Excerpted data
▬▬▬

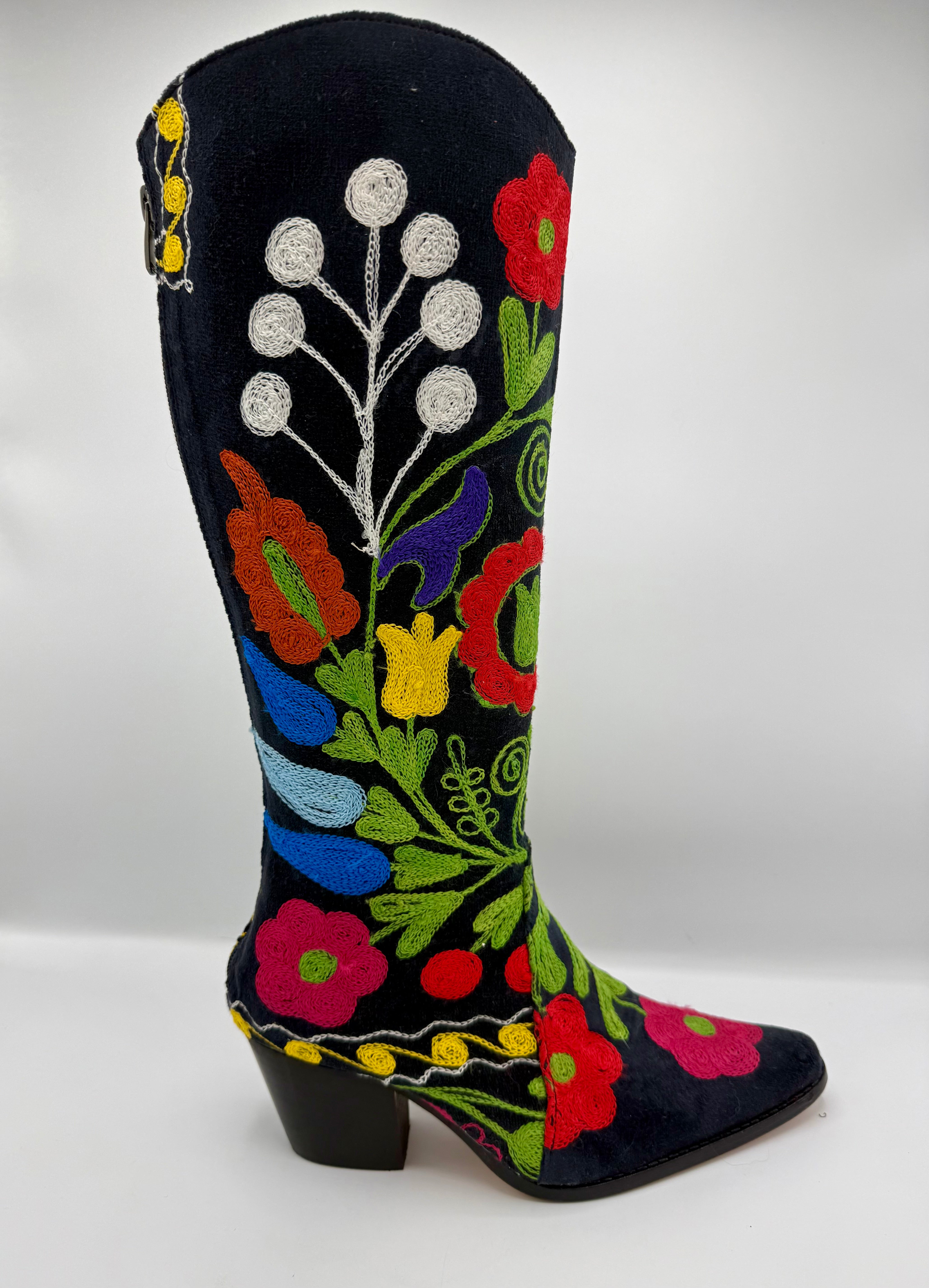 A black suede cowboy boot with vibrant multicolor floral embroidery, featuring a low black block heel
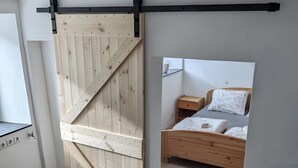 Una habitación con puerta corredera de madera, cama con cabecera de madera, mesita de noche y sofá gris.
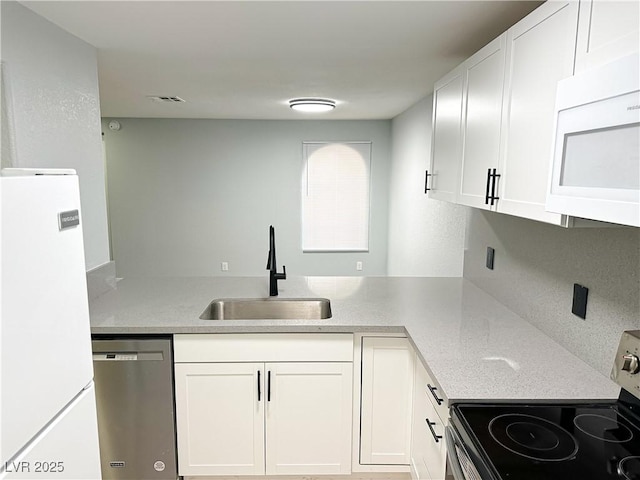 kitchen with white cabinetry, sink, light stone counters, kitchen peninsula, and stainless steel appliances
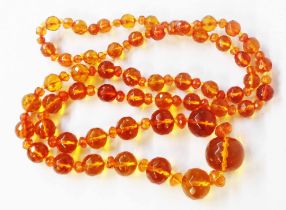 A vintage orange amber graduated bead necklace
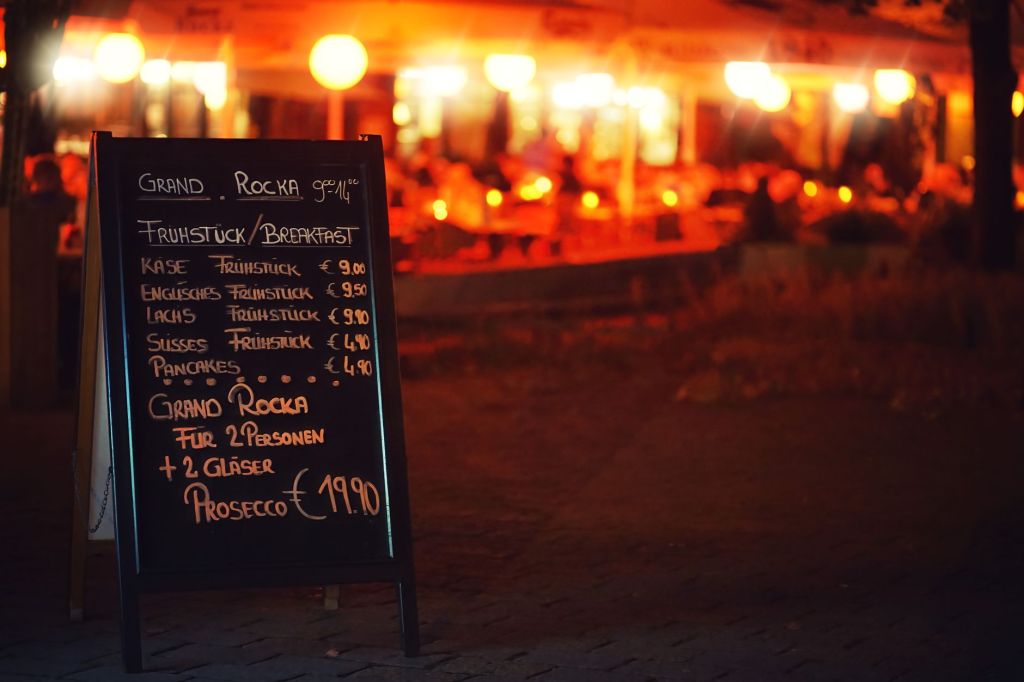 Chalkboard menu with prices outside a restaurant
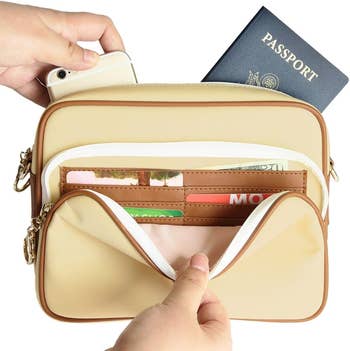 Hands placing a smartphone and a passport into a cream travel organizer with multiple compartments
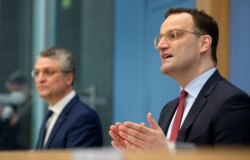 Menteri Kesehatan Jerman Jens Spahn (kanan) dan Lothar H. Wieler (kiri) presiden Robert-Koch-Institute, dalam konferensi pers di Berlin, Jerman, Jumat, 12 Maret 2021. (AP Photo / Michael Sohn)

▬▬▬

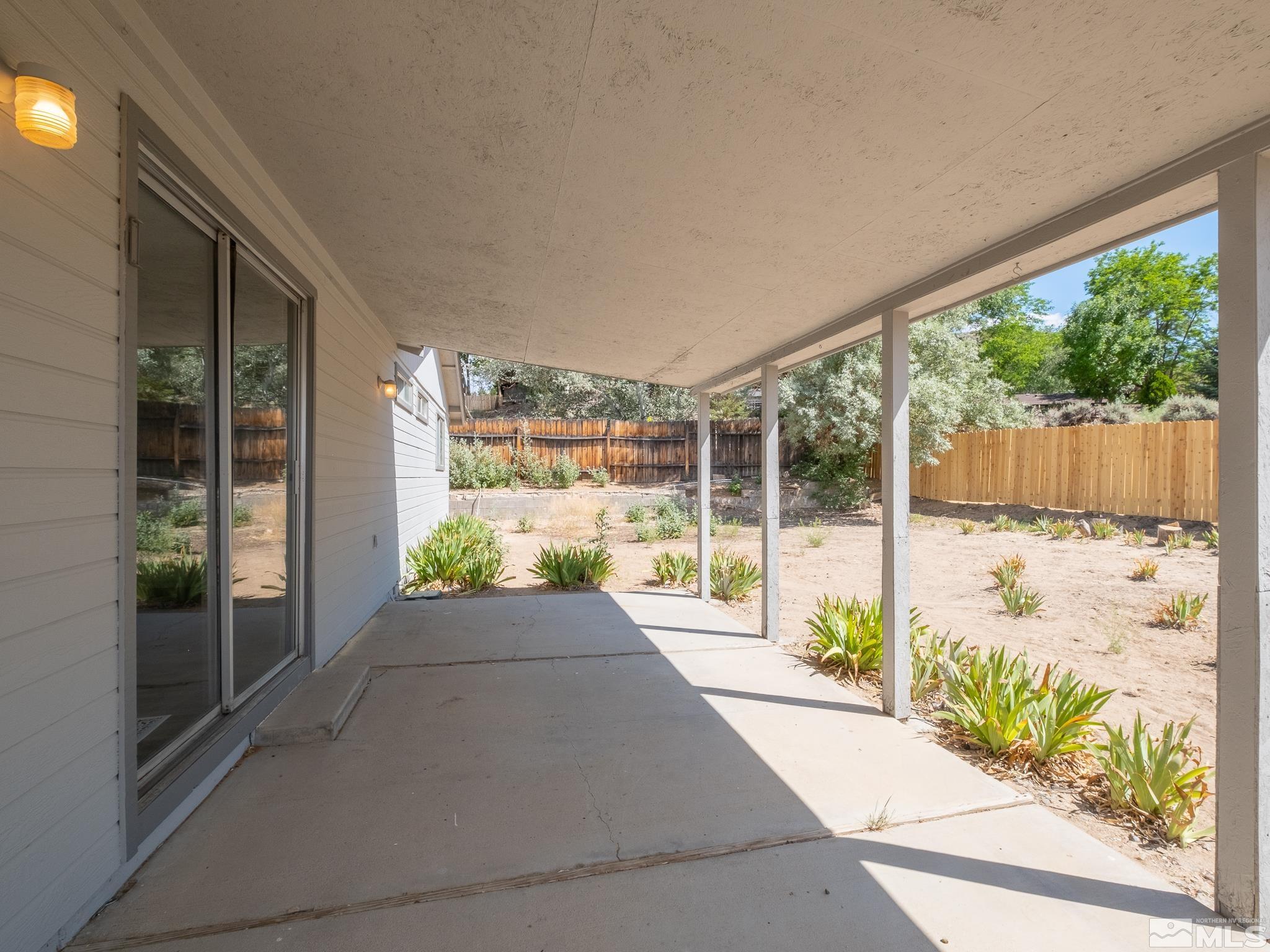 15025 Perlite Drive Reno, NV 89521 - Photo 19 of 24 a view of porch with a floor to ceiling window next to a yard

▬▬▬

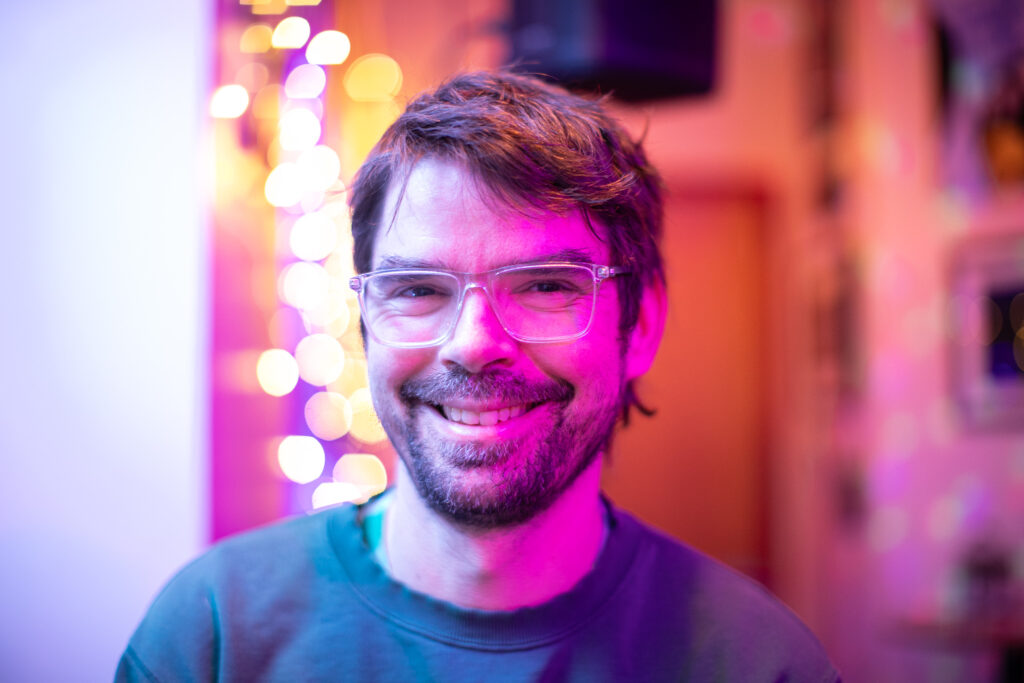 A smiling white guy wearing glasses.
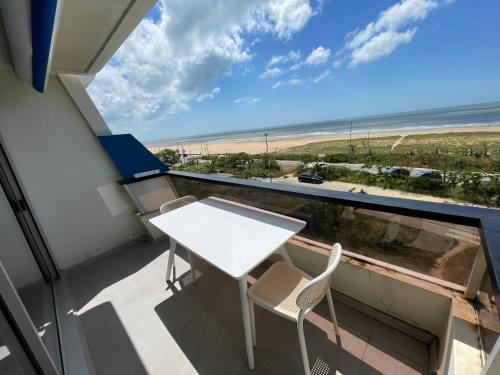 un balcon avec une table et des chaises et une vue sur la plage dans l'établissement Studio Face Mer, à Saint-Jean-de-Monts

▬▬▬

Problem statement
Nothing outside the stretch above, from the line with "Una habitación con" through the line with "Hands placing a", is set down. Transcribe that stretch exactly, ends included, but not its pictures.

Your response
 Una habitación con puerta corredera de madera, cama con cabecera de madera, mesita de noche y sofá gris.
 kitchen with white cabinetry, sink, light stone counters, kitchen peninsula, and stainless steel appliances
 A vintage orange amber graduated bead necklace
 Chalkboard menu with prices outside a restaurant
 Hands placing a smartphone and a passport into a cream travel organizer with multiple compartments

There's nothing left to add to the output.